Drill into different wall types
15 mins to learn — works on every wall in your home
Masonry, plasterboard, and tiles all need different settings, different bits, and different fixings. Get any one wrong and you crack tiles, blow out plasterboard, or end up with a fixing that will not hold. This guide gets it right.
Last updated: March 2026
Only basic tools needed — most homes already have them.
Before you start
Before drilling anywhere in a wall, check for hidden pipes and cables — see our Find pipes and wires in walls guide. Drilling into a live cable or water pipe is dangerous and expensive.
UK walls typically run cables vertically from switches and sockets, and horizontally from those vertical runs. Avoid drilling within 150mm of a socket, switch, or ceiling fitting.
SDS drills are more powerful than standard combi drills and are better for large holes in hard masonry — but for most domestic jobs, a standard combi drill in hammer mode is sufficient.

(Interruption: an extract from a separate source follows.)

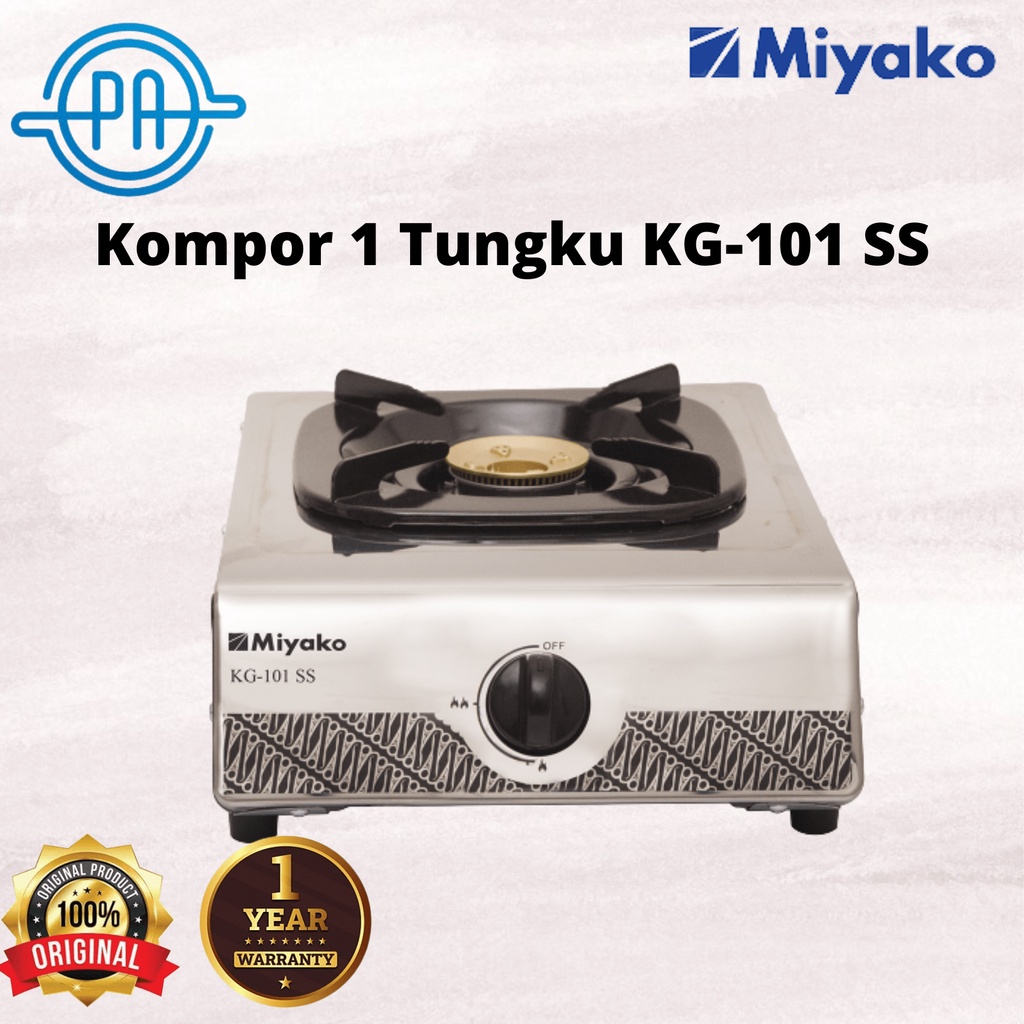 Kompor Gas Stainless Miyako Kg101Ss/Kg 101 Ss - 1 Tungku Kg34535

Some links on this page are affiliate links. If you buy through them we may earn a small commission at no extra cost to you.
Tools & materials
- ✓Combi drill with hammer mode— essential for masonry — a drill without hammer mode will not penetrate brick
- ✓Masonry drill bits— carbide-tipped — sized to match your wall plugs (usually 5mm or 6mm)
- ✓Wood/multi-material bits— for plasterboard and timber studs
- !Tile drill bit (cross-tipped carbide)— essential for ceramic tiles — do not use a standard masonry bit on tiles
- !Plasterboard wall anchors— for fixings between studs — never use standard plugs in plasterboard
Want everything in one go?
Prices shown on retailer sites. Always check current pricing before purchasing.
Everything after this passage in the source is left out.